Vivenciar o experimento, e não o propósito, tem sido um grande desafio para mim. Ontem, uma sexta-feira típica, estava folheando um livro na repartição, atitude não recomendada e que foge completamente ao compliance, aos regulamentos rígidos e burocráticas da empresa. Acontece, no entanto, que não havia ninguém para atender no momento da transgressão e o serviço interno estava em dia. Julguei, por livre e espontânea vontade, que uma fuga fugaz ao regulamento me faria bem àquela altura do campeonato, a apenas 7 horas do fim do expediente.
Abri a gaveta próxima a mim e veio à luz um livrinho fininho, amarelado pelo tempo; um livrinho doce, embora toque em assunto amargo. Abri-o e folhei-o, como quem folheia a Bíblia, com cuidado e bastante atenção. Comecei a lê-lo, mas não durou um minuto a libertinagem, que apareceu uma cliente. Pareceu até ação orquestrada pela sexta-feira típica, a laboriosa. Entrou a cliente, viu o livrinho fininho em minhas mãos, aberto, depois me viu, deu "Bom dia!". Achei a ordem das ações muito interessante. Não fosse a pergunta que ela me fez em seguida, teria tirado 10 em simpatia:
— Tá estudando pra concurso é?
Achei a pergunta fechada muito desinteressante, apesar de não dizer verbalmente, e respondi à cliente que não; que o livrinho fininho e amarelo tratava-se de livro de literatura; que não tinha nada a ver com concurso; que, lê-lo em pleno expediente, era ação despretensiosa de minha parte e infratora dos regulamentos internos; que, inclusive, se ela fosse chamada a testemunhar a transgressão, que fosse a meu favor; que me inocentasse do ato atentatório às normas de conformidade da empresa.
A cliente se despôs a me defender, mas com uma condição: a de que eu interrompesse a leitura e lhe entregasse uma encomenda. Aceitei prontamente a proposta e julguei que saí no lucro, pois, ao fazê-lo, estava apenas exercendo meu ofício; já a cliente, para cumprir o acordo, teria que elabora respostas elaboradas para justificar tamanha transgressão de minha parte.
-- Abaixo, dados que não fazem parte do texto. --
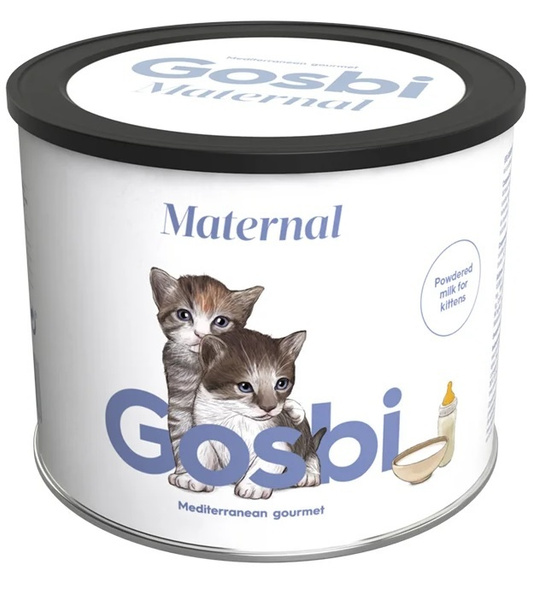 Молочная смесь Gosbi Maternal Cat для котят 250 г - купить с доставкой ...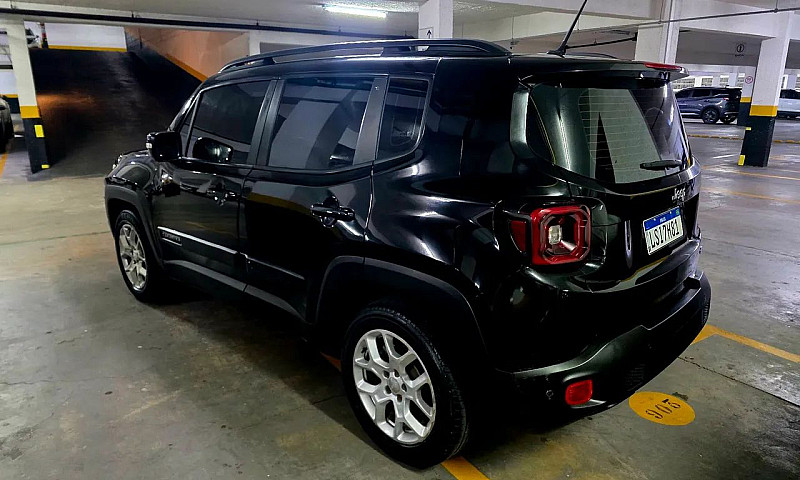 Jeep Renegade Longit...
Após nossa despedida e acordo, ficou em minhas mãos não apenas o livrinho amarelo e doce, mas estas perguntas pretensiosas: por que tudo tem que ter uma finalidade? Uma utilidade? Um ou vários para? Trabalhar para... Estudar para... Malhar para... Por que quase não há momentos para exercitarmos o "para nada"?
Por que tudo tem, obrigatoriamente, de nos levar a algum lugar? Por que não podemos ficar simplesmente, ainda que por breve momento, mesmo em uma sexta-feira típica, parados, folheando um livrinho amarelo e doce, em pleno expediente, sem que isso nos leve à repreensão regulamentar ou social?
Por que não podemos ir à geladeira, não para buscar um copo d'água, mas sim sem propósito pré-definido? Simplesmente chegar e não nós perguntarmos "O que vim fazer aqui mesmo?". Simplesmente chegar e perder-se dentro e fora: perceber seu tamanho, coloração, altura, recheio, sem que haja utilidade prática alguma por trás de tais atos.
No começo vamos nos sentir um pouco estranhos? Por óbvio. Porém, com prática e um pouquinho de tempo, se o tempo nos permitir, talvez cheguemos à condição de abdicarmos de vez dos "para" e percebermos as belezas que há por detrás dos atos tidos como supérfluos ou descapitalizados, o que geralmente quer dizer a mesma coisa.